Le fiabe di Hans Christian Andersen costituiscono un insieme narrativo che non ha uguali per forza e ampiezza di diffusione nell’ambito delle culture occidentali.
Composte e pubblicate in danese fra il 1835 e il 1874, esse scaturiscono in gran parte dalla fantasia originale dell’autore e solo in minima parte dalla materia popolare cui pure, almeno inizialmente, egli dichiarò di ispirarsi. Il fatto è che – come mette in evidenza Vincenzo Cerami nell’introduzione al volume – Andersen non si limita a ripercorrere e reinterpretare il filo della grande tradizione favolistica europea. Dotato di un’inquieta tensione romantica e di un’autentica consapevolezza borghese, Andersen “cambia radicalmente la prospettiva della fiaba”.

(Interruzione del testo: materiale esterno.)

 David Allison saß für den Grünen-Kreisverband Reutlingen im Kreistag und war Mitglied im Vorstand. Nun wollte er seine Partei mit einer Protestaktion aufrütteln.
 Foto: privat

Prima di lui maghi, streghe, gnomi, draghi, fate e orchi erano figure dotate di poteri speciali, dalla sapienza impenetrabile, misteriosa, ignota al lettore.
Andersen, al contrario, opera una sorta di umanizzazione di animali e cose, “mettendo in scena protagonisti di sconsolata umanità, immergendosi in creature che per il semplice fatto di non esistere in natura sono segretamente afflitte da un rovello interiore”.
Del resto, come disse Andersen stesso, “le fiabe mi stavano in mente come un seme”, “ci voleva soltanto un soffio di vento, un raggio di sole, una goccia d’erba amara, ed esse sbocciavano”.
Questa edizione è l’unica a proporre il corpus completo delle 156 fiabe e storie, tradotte a partire dall’edizione critica danese.